After pouring over data in the museum’s collections, including fossils of similar species known from California’s prehistoric coasts, the two researchers uncovered drawings of a variety of bivalve, Bornia cooki, first described in 1937—just two years prior to the rediscovery of the Coelacanth—which looked like a match for the tiny, long-footed California clams Goddard had found.
After comparisons between the original fossils discovered by George Willett in the 1930s with the new specimen, as well as a single shell Goddard retrieved during a subsequent visit, a positive match was confirmed: Willet’s original discovery, now given the classification Cymatioa cooki, was indeed still alive in California’s coastal waters. Another living fossil had been confirmed.
Noting the intertidal boulder fields that cover broad ranges of the California coast, Goddard says he thinks it’s likely that the newly rediscovered “living fossil” Cymatioa cooki is “probably living in close association with animals burrowing beneath those boulders.”

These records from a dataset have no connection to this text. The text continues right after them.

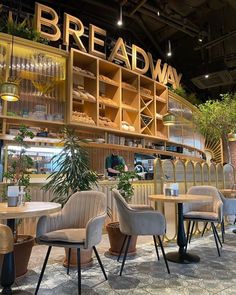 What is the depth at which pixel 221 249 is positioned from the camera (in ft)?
12.6

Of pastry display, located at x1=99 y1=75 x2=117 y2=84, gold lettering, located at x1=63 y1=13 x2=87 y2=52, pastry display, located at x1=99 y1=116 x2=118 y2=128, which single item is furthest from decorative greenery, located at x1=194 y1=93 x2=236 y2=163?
gold lettering, located at x1=63 y1=13 x2=87 y2=52

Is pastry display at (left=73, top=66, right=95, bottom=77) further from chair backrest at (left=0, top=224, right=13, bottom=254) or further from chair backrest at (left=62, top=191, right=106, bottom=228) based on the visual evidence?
chair backrest at (left=0, top=224, right=13, bottom=254)

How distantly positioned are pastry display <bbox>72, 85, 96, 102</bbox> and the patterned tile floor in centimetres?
285

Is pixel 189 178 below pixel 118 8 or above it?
below

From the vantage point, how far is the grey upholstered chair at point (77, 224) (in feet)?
7.61

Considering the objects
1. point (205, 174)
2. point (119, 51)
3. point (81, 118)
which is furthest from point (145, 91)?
point (205, 174)

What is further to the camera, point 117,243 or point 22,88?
point 22,88

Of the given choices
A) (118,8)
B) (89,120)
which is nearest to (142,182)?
(89,120)

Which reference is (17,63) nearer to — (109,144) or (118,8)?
(109,144)

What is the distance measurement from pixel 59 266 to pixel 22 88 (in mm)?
3115

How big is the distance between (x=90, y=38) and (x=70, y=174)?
3.34 m

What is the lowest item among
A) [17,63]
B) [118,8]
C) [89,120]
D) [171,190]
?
[171,190]

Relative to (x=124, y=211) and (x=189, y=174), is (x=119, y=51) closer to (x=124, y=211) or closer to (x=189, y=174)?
(x=189, y=174)

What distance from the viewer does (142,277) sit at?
2770 mm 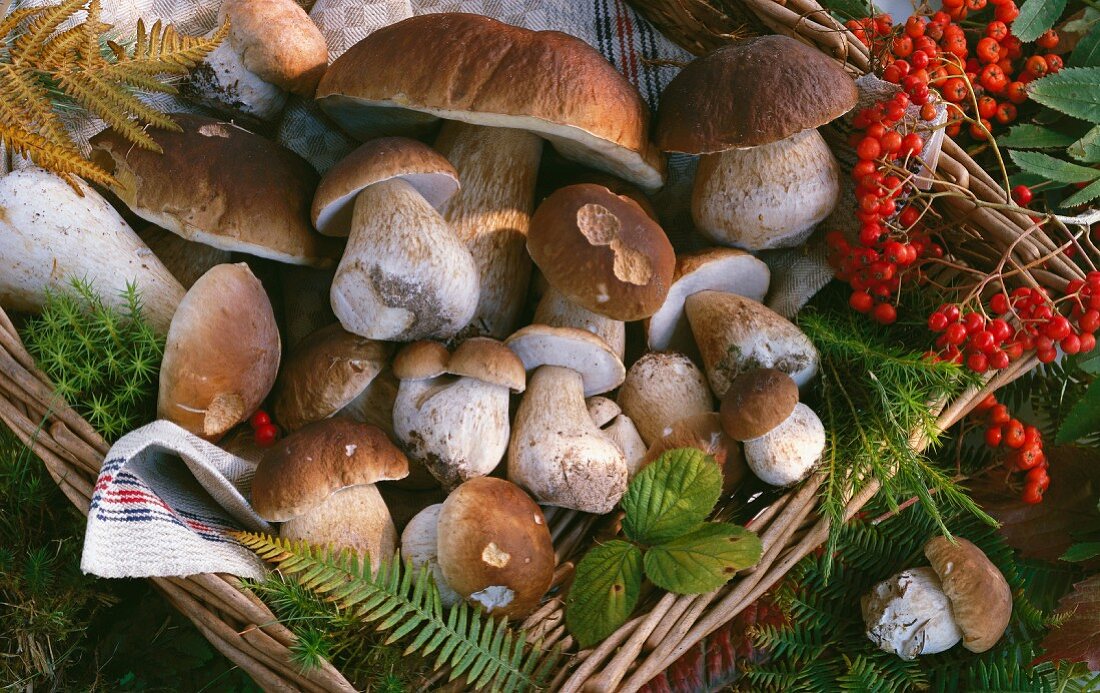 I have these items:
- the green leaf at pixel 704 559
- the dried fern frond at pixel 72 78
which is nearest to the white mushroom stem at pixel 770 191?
the green leaf at pixel 704 559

“There is such a long history of shell-collecting and malacology in Southern California,” Goddard says, admitting that “it’s hard to believe no one found even the shells of our little cutie.” Indeed, sometimes the most remarkable discoveries turn up right under our noses, and in Goddard’s case, quite by accident.
Goddard and Valentich-Scott’s remarkable discovery was the subject of a recent paper published in the journal ZooKeys.